Supplied material:
________

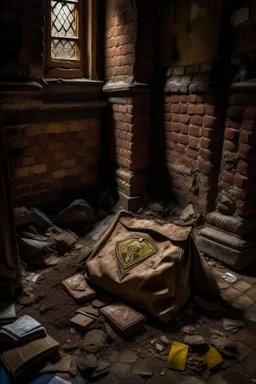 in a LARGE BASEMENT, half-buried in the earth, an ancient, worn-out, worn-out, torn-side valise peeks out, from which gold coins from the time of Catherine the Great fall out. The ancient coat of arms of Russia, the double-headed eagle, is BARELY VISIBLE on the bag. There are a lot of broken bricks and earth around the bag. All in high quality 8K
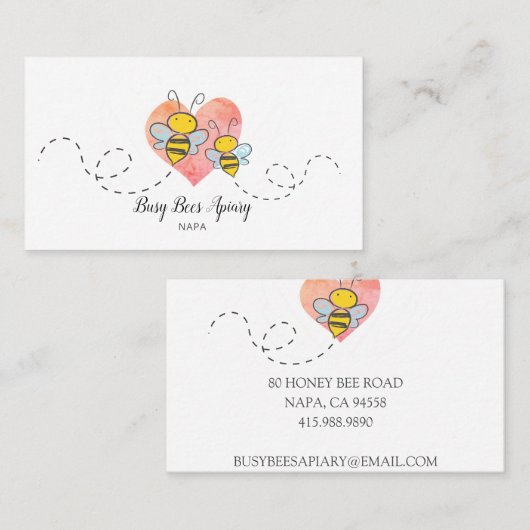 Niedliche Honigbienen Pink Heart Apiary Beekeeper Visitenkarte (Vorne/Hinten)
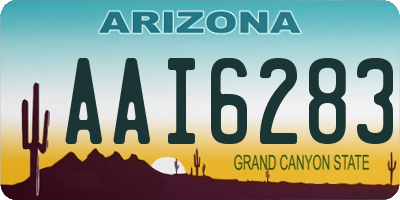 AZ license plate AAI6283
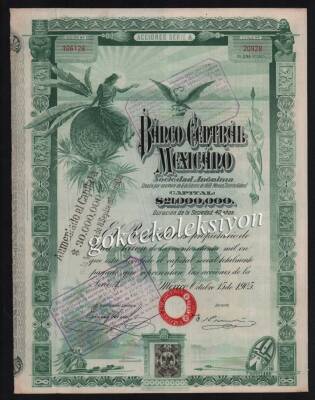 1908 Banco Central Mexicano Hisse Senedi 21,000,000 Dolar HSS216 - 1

________

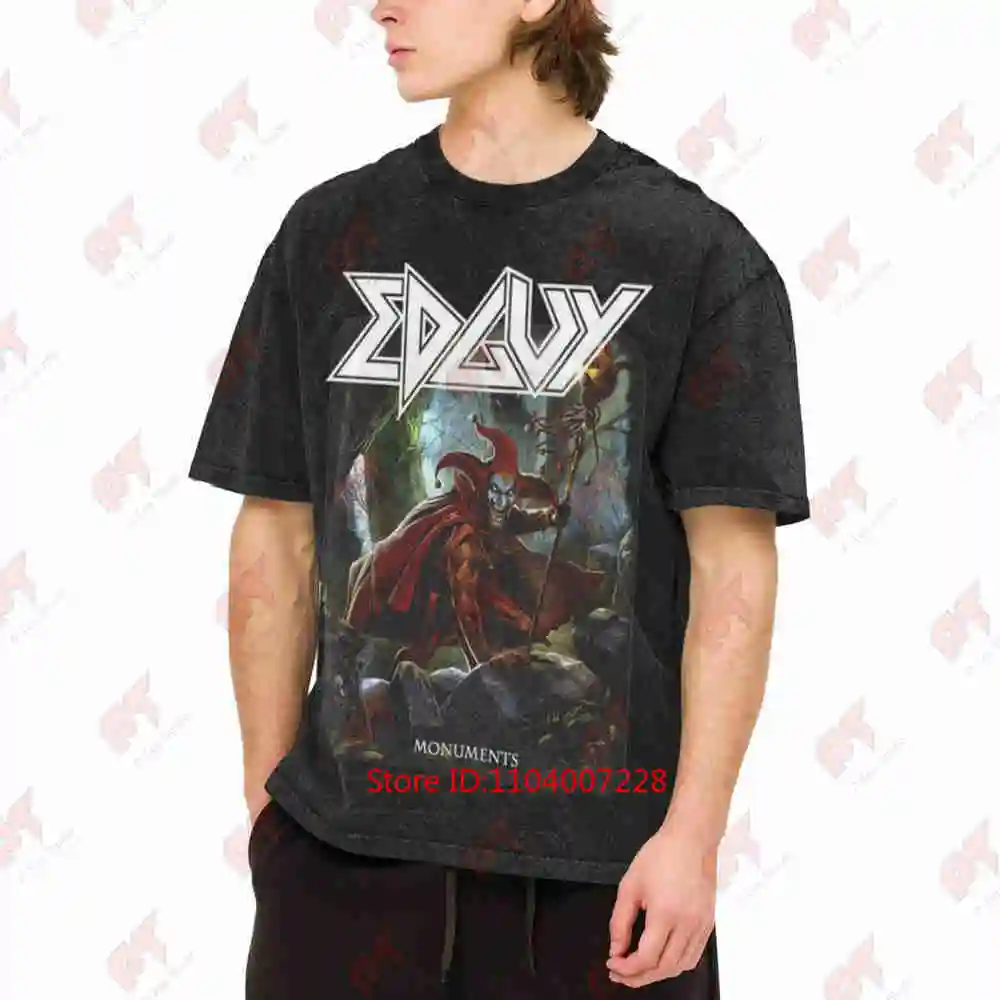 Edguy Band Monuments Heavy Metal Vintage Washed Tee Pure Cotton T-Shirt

________

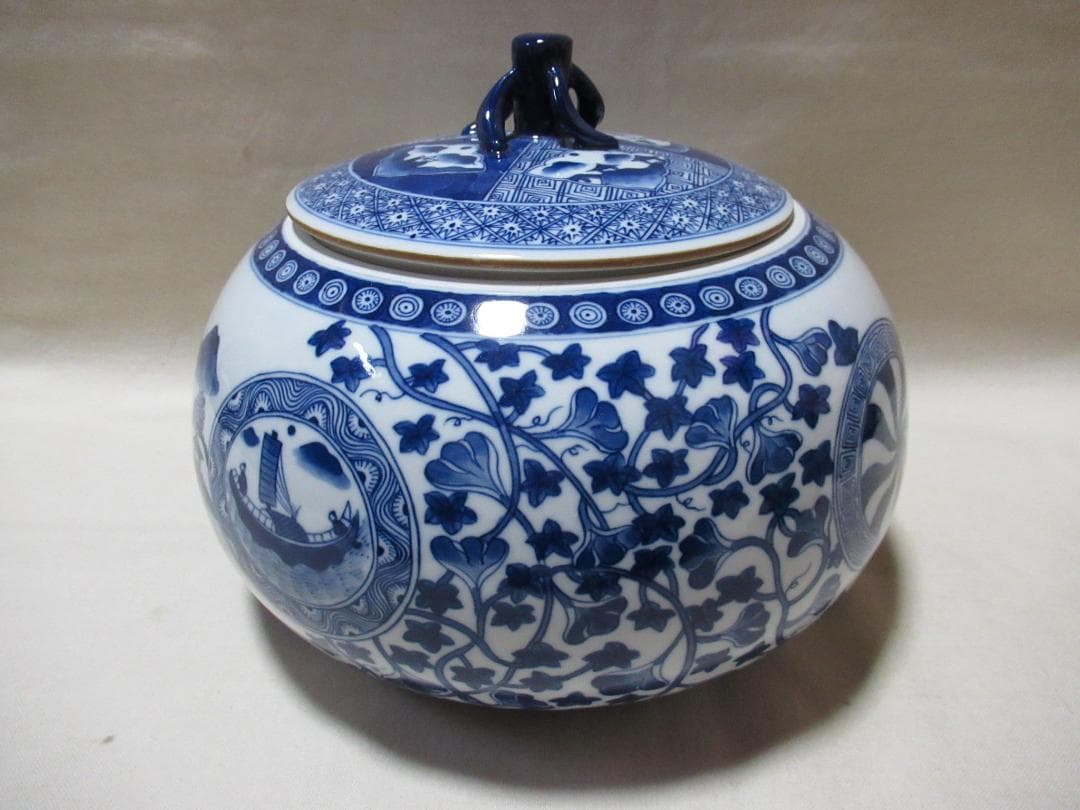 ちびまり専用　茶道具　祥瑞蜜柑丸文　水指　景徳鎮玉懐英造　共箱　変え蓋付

________

To do:
Word for word, restate the lines above from the one with "Niedliche Honigbienen Pink" through the one with "1908 Banco Central", keeping both ends and dropping the pictures.

Solution to this problem:
 Niedliche Honigbienen Pink Heart Apiary Beekeeper Visitenkarte (Vorne/Hinten)
 AZ license plate AAI6283
 1908 Banco Central Mexicano Hisse Senedi 21,000,000 Dolar HSS216 - 1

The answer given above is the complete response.